Les allégations s’articulent autour du projet de la Cité numérique, un espace destiné à l’innovation. « Judith » a signalé une opacité dans la gestion de l’association LH French Tech, chargée de l’administration de ce projet. Ses demandes répétées pour des informations sur les dépenses ont été accueillies par des réponses vagues, ce qui, selon elle, trahit des malversations.

En 2021, après avoir obtenu des données, elle découvrit une faible activité au sein de la Cité numérique, ainsi que des salaires et charges exorbitants pour le personnel impliqué.

Contexte judiciaire

La plainte officielle, déposée par l’avocat Jérôme Karsenti au nom de « Judith », demande à la justice d’examiner d’éventuels accords entre Édouard Philippe et Stéphanie de Bazelaire, particulièrement en ce qui concerne le soutien financier et politique en échange de la gestion de la Cité numérique.

Les préoccupations soulevées autour d’une convention d’objectifs pluriannuelle, signée en juillet 2020, mettent en évidence le rôle central de LH French Tech, qui a reçu 2,154 millions d’euros de compensation pour ses services, malgré des alertes concernant la viabilité du projet et des risques de requalification.

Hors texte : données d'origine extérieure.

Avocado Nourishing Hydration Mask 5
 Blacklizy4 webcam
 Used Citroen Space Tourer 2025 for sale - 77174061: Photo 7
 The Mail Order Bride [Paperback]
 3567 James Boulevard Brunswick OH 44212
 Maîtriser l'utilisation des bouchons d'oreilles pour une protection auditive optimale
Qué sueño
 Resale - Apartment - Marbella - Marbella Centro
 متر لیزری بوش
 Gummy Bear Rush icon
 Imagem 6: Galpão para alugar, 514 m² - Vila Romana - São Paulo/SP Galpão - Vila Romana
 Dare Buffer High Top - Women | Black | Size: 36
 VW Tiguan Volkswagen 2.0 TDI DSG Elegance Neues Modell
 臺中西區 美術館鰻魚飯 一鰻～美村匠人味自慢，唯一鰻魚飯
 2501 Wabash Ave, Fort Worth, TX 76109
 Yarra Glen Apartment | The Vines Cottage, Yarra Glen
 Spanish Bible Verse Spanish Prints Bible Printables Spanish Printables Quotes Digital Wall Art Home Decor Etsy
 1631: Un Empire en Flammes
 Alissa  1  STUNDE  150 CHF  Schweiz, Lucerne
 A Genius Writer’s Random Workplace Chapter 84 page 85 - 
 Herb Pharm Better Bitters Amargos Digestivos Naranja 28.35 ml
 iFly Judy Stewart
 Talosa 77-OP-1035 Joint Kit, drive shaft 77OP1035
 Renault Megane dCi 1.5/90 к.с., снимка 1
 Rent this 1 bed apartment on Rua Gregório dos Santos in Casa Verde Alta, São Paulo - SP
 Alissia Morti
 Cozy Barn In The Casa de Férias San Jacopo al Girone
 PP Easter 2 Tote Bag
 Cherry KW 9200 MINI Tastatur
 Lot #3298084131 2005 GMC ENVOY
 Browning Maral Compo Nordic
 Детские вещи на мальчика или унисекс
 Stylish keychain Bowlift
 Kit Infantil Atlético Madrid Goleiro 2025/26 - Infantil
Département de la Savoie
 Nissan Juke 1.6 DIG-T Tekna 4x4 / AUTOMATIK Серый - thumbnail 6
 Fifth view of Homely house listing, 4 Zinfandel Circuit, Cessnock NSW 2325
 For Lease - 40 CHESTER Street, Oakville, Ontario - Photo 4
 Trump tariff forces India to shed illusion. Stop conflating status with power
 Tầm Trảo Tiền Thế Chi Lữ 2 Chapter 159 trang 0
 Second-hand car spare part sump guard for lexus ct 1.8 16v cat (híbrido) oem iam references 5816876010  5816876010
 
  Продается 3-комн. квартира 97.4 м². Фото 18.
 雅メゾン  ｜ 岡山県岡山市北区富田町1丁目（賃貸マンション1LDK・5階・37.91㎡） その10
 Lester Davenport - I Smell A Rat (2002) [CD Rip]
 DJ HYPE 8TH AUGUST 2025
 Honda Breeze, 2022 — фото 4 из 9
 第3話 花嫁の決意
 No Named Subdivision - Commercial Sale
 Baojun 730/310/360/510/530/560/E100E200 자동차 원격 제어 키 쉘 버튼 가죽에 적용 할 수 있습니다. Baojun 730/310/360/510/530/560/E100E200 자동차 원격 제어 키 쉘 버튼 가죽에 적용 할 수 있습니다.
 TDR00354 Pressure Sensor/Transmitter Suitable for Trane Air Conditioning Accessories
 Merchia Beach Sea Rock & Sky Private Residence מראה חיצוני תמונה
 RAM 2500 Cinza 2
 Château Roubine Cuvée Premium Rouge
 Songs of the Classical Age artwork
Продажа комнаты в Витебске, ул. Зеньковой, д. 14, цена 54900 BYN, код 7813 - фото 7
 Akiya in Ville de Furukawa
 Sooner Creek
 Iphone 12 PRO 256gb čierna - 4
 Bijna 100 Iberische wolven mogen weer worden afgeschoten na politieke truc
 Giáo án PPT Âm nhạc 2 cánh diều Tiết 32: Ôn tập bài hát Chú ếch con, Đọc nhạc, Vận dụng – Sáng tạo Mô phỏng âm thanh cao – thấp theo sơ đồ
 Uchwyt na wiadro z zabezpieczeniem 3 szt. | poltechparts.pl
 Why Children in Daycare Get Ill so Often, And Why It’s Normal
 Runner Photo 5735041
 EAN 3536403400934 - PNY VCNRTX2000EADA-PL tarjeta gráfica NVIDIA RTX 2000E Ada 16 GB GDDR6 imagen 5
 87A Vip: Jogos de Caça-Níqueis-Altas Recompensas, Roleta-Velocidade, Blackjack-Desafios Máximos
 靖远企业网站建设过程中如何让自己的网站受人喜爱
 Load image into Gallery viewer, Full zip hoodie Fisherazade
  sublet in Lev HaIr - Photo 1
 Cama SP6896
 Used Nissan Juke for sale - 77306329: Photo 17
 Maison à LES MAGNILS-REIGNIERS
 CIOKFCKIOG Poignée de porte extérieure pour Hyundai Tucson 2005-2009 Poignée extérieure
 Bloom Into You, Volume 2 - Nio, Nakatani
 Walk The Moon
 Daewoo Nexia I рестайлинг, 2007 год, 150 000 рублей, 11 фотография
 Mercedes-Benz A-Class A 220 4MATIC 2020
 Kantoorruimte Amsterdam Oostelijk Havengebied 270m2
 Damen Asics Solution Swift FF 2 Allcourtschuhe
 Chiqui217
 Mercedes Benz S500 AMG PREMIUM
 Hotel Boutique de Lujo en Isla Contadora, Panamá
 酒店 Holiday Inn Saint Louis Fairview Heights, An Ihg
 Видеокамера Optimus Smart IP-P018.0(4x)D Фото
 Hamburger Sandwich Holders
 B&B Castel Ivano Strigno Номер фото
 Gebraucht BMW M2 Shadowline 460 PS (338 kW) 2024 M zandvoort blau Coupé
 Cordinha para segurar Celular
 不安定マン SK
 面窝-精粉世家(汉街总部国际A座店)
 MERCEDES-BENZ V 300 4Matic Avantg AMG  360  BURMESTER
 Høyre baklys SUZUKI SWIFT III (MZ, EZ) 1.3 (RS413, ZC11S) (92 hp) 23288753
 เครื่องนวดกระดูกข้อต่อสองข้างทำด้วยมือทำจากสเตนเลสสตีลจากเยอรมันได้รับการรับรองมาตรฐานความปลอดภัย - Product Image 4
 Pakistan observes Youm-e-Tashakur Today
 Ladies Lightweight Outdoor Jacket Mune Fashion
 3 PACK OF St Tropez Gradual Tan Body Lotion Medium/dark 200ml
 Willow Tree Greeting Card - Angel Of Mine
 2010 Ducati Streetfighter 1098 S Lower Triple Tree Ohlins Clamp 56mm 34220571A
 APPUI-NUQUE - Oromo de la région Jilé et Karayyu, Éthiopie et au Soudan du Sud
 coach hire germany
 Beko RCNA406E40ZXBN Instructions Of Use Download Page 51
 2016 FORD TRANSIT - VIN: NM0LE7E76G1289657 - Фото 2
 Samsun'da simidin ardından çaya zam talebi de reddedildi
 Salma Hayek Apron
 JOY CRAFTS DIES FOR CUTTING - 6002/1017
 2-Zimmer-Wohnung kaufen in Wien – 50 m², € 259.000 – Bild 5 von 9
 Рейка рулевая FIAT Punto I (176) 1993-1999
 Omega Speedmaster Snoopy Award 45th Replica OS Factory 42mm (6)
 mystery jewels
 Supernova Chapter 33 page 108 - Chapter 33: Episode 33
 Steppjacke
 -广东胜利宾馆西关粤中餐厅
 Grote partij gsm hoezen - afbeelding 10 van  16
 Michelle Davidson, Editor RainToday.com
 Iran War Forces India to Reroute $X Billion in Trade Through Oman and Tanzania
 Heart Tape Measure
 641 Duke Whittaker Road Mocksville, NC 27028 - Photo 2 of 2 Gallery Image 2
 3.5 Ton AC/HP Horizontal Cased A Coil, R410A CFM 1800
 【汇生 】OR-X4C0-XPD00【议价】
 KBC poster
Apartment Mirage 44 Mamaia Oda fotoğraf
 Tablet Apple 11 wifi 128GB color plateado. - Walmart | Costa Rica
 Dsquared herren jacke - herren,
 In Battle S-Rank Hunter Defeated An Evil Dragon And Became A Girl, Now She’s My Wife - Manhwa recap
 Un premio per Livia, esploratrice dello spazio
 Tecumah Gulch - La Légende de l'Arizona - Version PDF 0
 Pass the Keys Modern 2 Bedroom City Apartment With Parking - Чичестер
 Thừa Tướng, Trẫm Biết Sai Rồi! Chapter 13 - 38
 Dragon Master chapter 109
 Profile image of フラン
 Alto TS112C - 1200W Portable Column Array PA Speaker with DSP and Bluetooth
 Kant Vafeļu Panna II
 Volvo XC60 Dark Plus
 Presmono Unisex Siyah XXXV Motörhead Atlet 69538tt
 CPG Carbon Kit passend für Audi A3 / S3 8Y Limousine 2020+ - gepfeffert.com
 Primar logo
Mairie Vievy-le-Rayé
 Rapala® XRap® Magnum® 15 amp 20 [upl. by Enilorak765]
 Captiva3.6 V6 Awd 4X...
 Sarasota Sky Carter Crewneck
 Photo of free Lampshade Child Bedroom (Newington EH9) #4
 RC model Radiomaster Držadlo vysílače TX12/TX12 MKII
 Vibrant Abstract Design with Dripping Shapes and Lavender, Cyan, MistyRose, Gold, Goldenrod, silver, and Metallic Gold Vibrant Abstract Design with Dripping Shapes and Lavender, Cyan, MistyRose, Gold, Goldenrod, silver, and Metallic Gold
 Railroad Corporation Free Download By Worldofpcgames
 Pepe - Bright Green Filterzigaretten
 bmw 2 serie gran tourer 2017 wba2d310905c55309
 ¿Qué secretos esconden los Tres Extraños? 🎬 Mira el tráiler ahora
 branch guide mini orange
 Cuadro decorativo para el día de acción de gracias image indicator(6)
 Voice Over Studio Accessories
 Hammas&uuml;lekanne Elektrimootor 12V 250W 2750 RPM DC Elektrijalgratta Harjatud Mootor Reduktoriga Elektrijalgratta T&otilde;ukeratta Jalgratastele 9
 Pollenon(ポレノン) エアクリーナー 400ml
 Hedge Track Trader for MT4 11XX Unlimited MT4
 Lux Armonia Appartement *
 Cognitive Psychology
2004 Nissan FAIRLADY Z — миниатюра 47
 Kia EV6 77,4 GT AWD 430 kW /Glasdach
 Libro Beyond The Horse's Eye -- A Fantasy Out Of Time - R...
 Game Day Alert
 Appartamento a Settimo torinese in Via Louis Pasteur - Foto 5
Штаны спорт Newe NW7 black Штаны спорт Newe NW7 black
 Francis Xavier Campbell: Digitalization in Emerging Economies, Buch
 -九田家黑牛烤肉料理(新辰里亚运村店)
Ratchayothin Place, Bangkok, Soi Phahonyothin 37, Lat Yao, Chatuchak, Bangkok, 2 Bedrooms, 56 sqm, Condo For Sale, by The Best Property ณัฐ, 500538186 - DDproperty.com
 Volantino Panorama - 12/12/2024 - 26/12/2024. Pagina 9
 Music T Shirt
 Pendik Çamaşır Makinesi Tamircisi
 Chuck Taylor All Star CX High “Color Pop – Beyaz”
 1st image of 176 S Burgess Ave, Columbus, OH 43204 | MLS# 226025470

Le tribunal judiciaire du Havre a ordonné la liquidation de LH French Tech en avril 2023, une décision qui, selon Karsenti, aurait été motivée par des risques pénaux potentiels.

Avancées judiciaires

Le 3 mars dernier, le doyen des juges d’instruction a sollicité une enquête judiciaire, marquant la clôture de l’enquête préliminaire. Les réquisitions du PNF, arrivées le 7 mai, appellent à la nomination d’un juge d’instruction pour approfondir les investigations. « Une fois qu’une plainte avec constitution de partie civile est déposée, l’action publique est mise en mouvement, et le parquet doit demander l’ouverture de l’information judiciaire », a commenté une source judiciaire.